Environmental damage to the Niger Delta and over-fishing throughout the region is a threat to the Nigerian marine fishing industry. It has been suggested in the Natural Resources Conservation Action Plan, that the sustainable marine catch (excluding the deep sea) is 190,000 tonnes a year. However, between 1980 and 1986 annual recorded catches ranged between 137,000 and 370,000 tonnes on a declining plain, and fishermen complain that their catches are going down. Deep-sea trawler catches have declined similarly from a peak of 535,000 tonnes in 1979, to 286,000 in 1986, but over the same period, trawler numbers increased from 92 in 1979, to 440 in 1989. Also, the mean length of trawled fish has declined between 1981 and 1990, for example, as follows:

Length in cms 1981 1991
Croaker 32.32 26.41
Soles 32.88 25.47
Threadfin 24.08 20.81

It is interesting that fishermen from Ondo State have been moving into the Niger Delta because they cannot compete with Lagos trawlers. But the trawlers have been following them, resulting in confrontation with local fishermen.

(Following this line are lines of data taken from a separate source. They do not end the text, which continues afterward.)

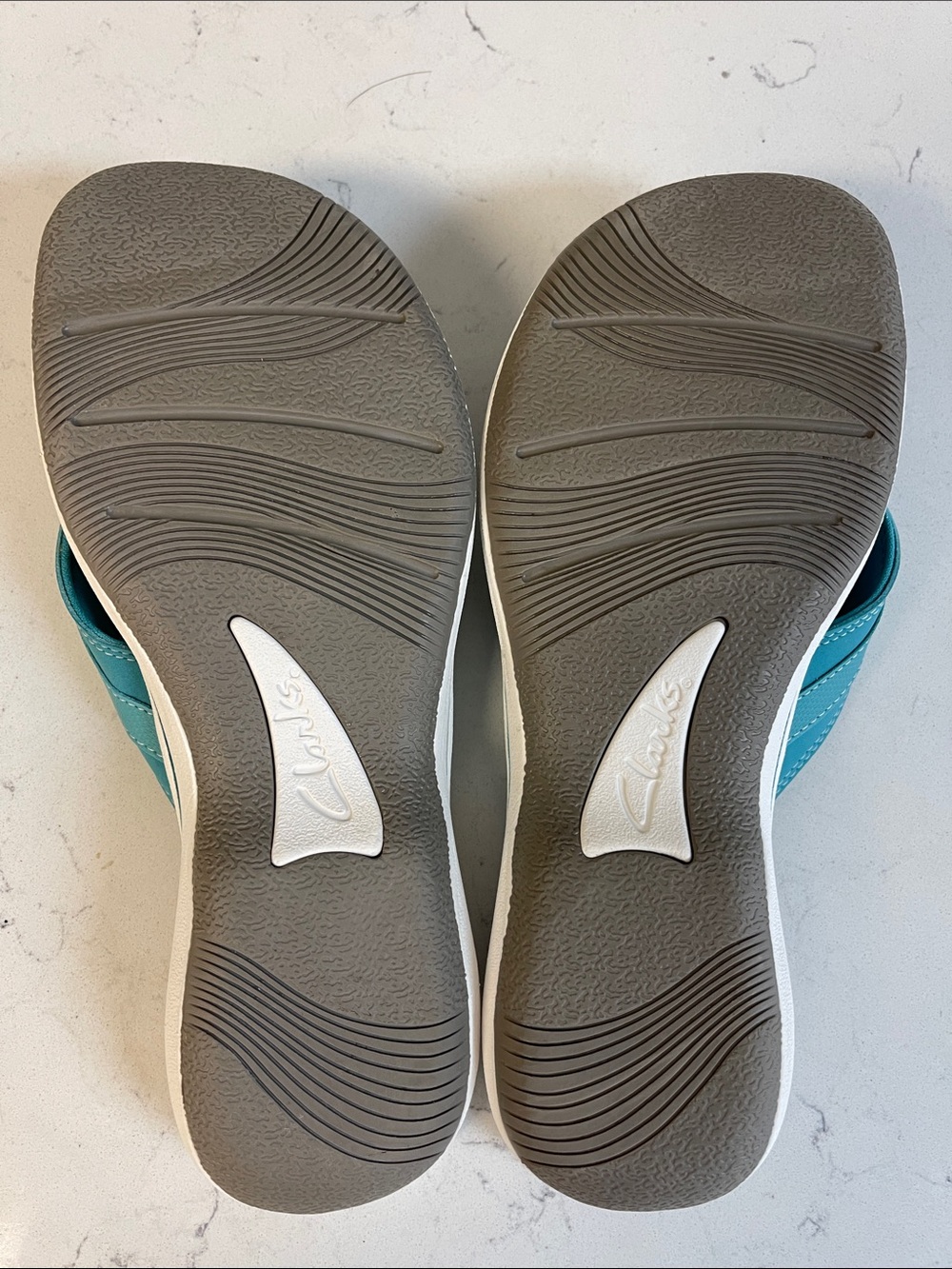Women's Clarks, Breeze Sea Sandal - Teal / Turquoise - Size 9 Worn 4-5 Times - Picture 10 of 17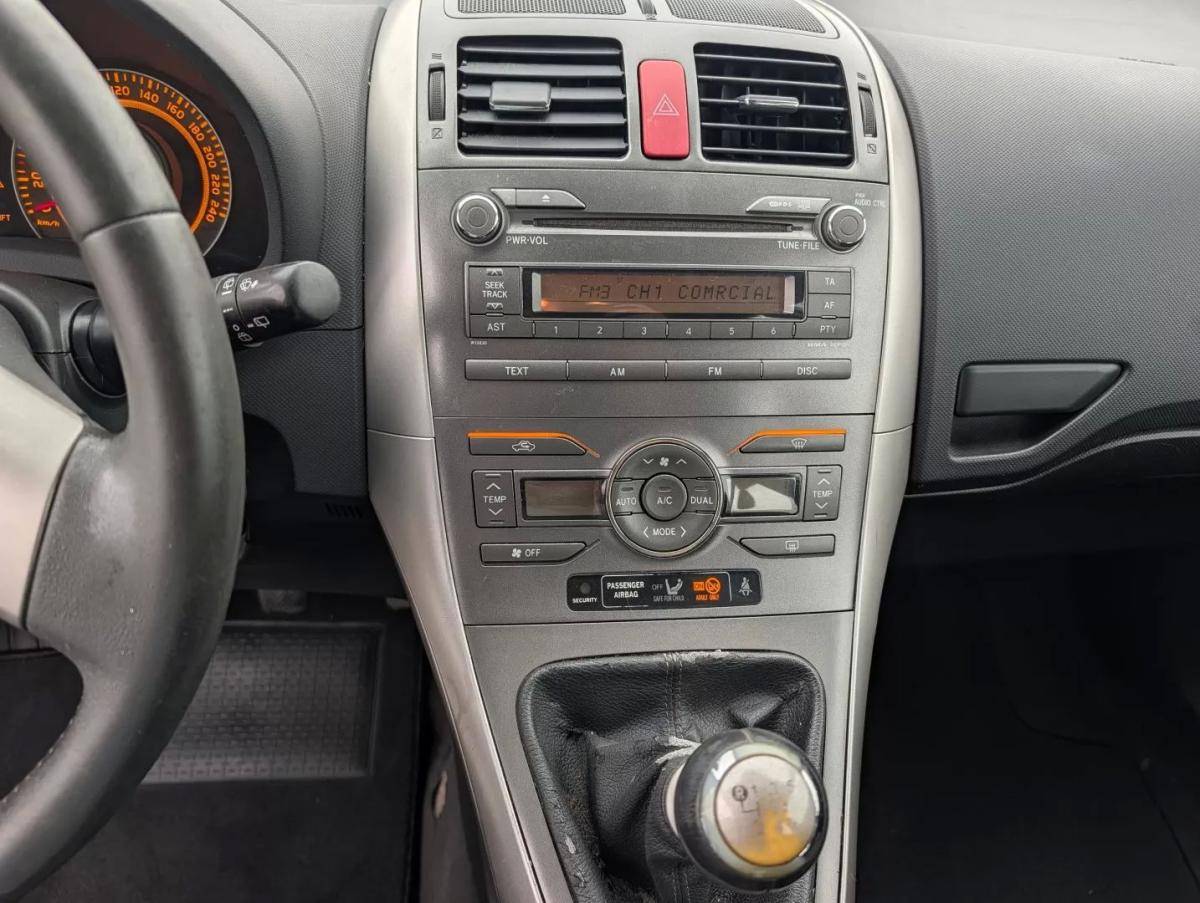 toyota-auris-2009-gasolina-1329cc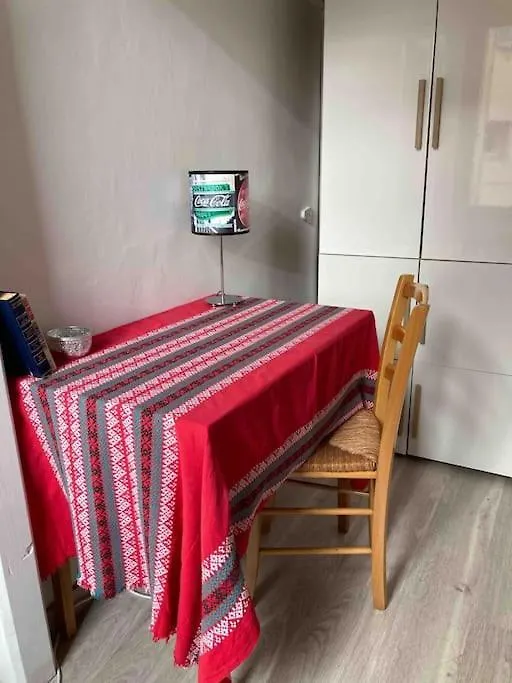 Appartement Lumineux En Plein Centre - 2 Chambres Aix-en-Provence France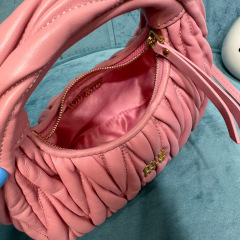 Borsa da ascella Miumiu Dimensioni: 18*10*6cm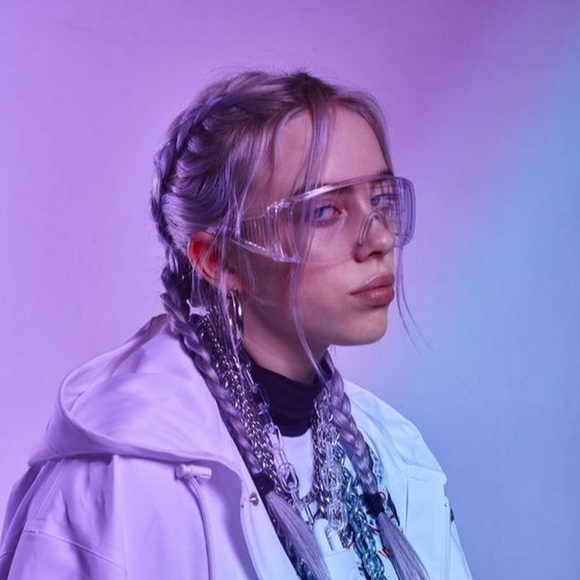 Profile Picture of Delancey Fernandez (@delancey_f) on Poshmark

A 1980 to 1989 survey (Nigerian Federal Department of Fisheries Statistics 2nd Edition) of trawler catches brought to Lagos showed the following worrying average, as annual tonnes per trawler of specific fish caught (sample figures only):

Tonnes/Trawler 1980 1985 1989
Croaker 739 403 52
Soles 82 89 19
Catfish 218 3 0
Snappers 105 27 16
Barrracuda 159 21 7


The Niger Delta and national fish catches are declining, and the only option for Nigeria's future fishing industry has four necessary and interdependent parts:

  • A limitation of marine fishing.
  • Maintenance of the mangrove forests as the foundation of the fish life cycle.
  • Increased fish farming in the Fresh-water ecozone.
  • Increased fish farming in the Brackish-water ecozone, without compromising its vital place in initiating the marine food chain.

In the fresh-water ecozones fish farms can be encouraged on a small-scale, which can be maintained by a single family. The fish can be fed on household waste, rats, lizards, fish intestines, poultry manure and easily grown crops such as Plantains, Papaya and Cassava. What is needed is a secure supply of young fish, (fingerlings).

Because of the high level of nutrients in the water, mangrove environments are ideal for farming fish in cages, enclosures and ponds. Nonetheless large areas of mangroves have been destroyed in Southeast Asia for Prawn and Shell fish farms, and similar activity in the Niger Delta would be counter productive in relation to deep-sea, inshore and estuarine fishing. However the nutrient rich environment can be used to increase the national fish yield by raising of fingerlings in ponds to be released into the creeks; rather in the manner of seeding mountain streams with trout.